Michael turned to the computer keyboard and began typing. "She says of course, you're the mother of the bride. But she says first she has to find time in her surgical schedule to squeeze a wedding in," he told Jill.

"Yeah, well, her busy surgical schedule will be worth it when she's making more money than God," Jill muttered. "It's time to sign off the computer, Michael."

"Why? It's early," he whined.

"I need to see your homework. Tell Michelle good night," she instructed firmly.

Michael reluctantly did as he was told. Michael was a good student, just not a very serious one. As with his sisters, he was extremely bright, he just didn't care to apply himself. Mike blamed Jill, while Jill thought it was the consequences of the divorce and then the move from California to Texas. Michael had been eight years old at the time. Jill had made the move to San Antonio after applying to several different hospitals around the country. University Hospital was a Level One trauma center and they had offered Jill a very lucrative package when they hired her. She was making far more money as a lead nurse in the trauma unit here than she'd been making as an administrator in L.A. Combined with Mike's alimony and child support, she was able to support Michael and Shelby comfortably.

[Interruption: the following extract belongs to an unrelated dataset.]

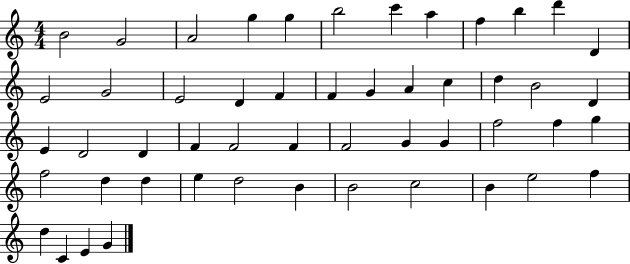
B4/h G4/h A4/h G5/q G5/q B5/h C6/q A5/q F5/q B5/q D6/q D4/q E4/h G4/h E4/h D4/q F4/q F4/q G4/q A4/q C5/q D5/q B4/h D4/q E4/q D4/h D4/q F4/q F4/h F4/q F4/h G4/q G4/q F5/h F5/q G5/q F5/h D5/q D5/q E5/q D5/h B4/q B4/h C5/h B4/q E5/h F5/q D5/q C4/q E4/q G4/q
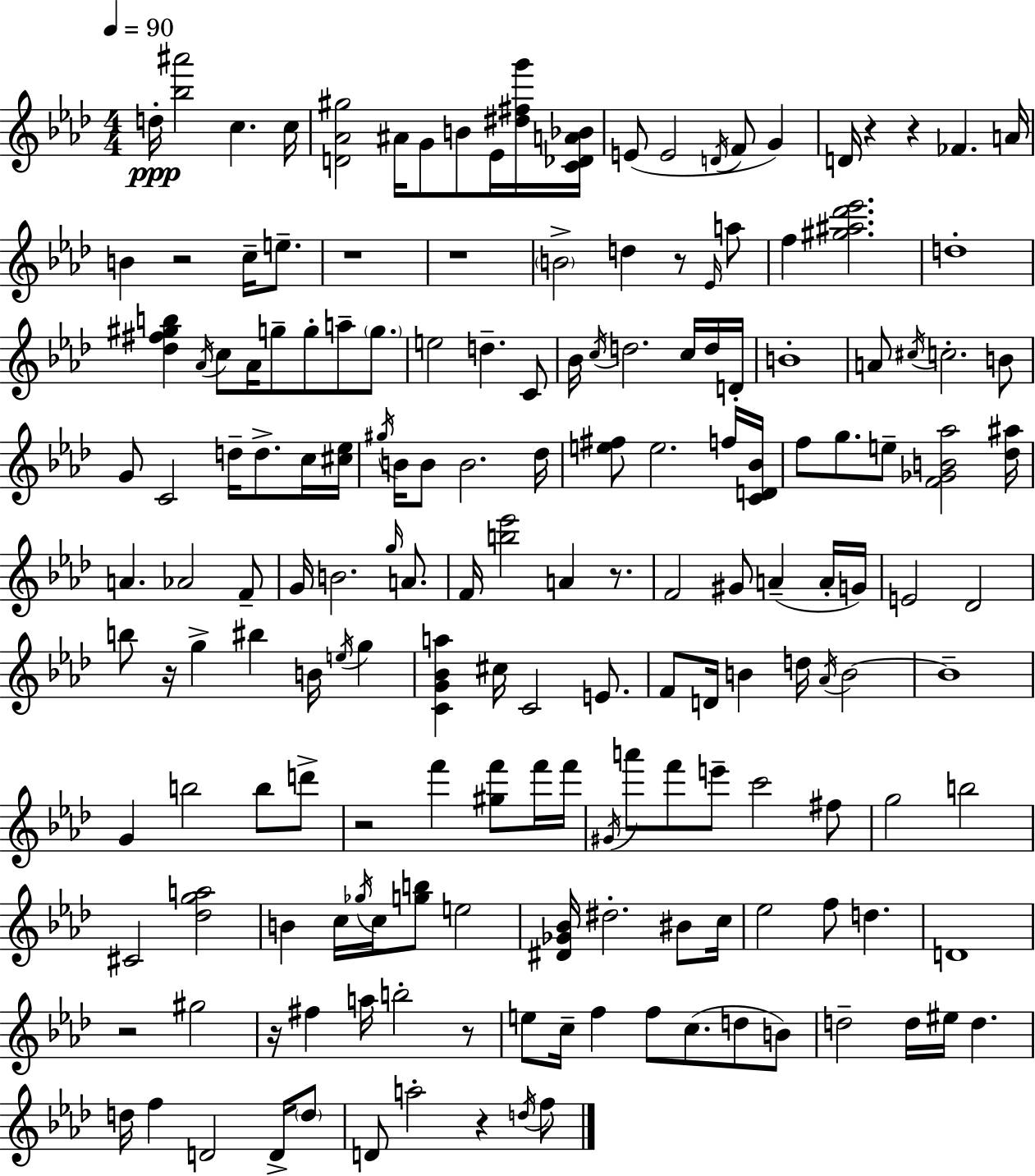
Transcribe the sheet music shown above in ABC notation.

Sitting at the kitchen table with Michael, she looked over his homework while he sat with his head pillowed on his arms. "So, where's your dad staying this month?" Jill asked.

"I think he's at the lake house. Can we go visit Mary Kate in New York this summer? She promised she'd take me sightseeing in Manhattan," he reminded Jill.

"Mary Kathryn has a full concert schedule. I don't think she has any free time until after the first of the year. Maybe we can go after you get back from your dad's at Christmas," she promised him.

"Do you think Michelle and Thomas are going to have kids?" Michael suddenly asked.

"That's entirely up to them, but I doubt it. Michelle said a long time ago she didn't want any kids," Jill told her son.

"Why not? She likes me," Michael reasoned.

"Michael, daddy and I told you a long time ago about Michelle and Savannah's birth parents. They weren't very nice people. Michelle just decided she didn't want any kids. That's why they have all of the pets," she smiled as Michael grinned back.

Michelle and Thomas lived in a small house in North Hollywood with an assortment of cats, dogs, birds and fish. Jill had teased her, telling her that her entire salary would have to go to feed her animals.

"I know, but at least they'll never scream at me or call me ugly names," Michelle had countered back. It was her way of telling Jill she didn't approve of the way she treated Mike.

"Go put your books away and get in the tub," Jill ordered Michael as she handed him his homework.

Jill went upstairs a short time later to check on Shelby and tuck Michael in.

"Mom, I told dad that you were taking us to the coast next week so he said he wouldn't fly out until after we got back," Michael told her as she tucked his covers in.

"Okay, I'll call him as soon as we get back. Go to sleep," she told him as she got up to leave the room.

"Mom, if he comes to town can we go out to dinner? As a family, I mean?" He begged.

Jill closed her eyes and took a breath. "Michael, I love your daddy. I'll always love him, but we can't go to dinner together. It wouldn't be right or fair. Go to sleep now," she repeated as she turned out the light and pulled the door partially closed.

Jill was deep in thought as she made her way downstairs. She wasn't lying when she'd told Michael that she'd always love Mike. She'd always love him, but she'd never forgive him for destroying their lives.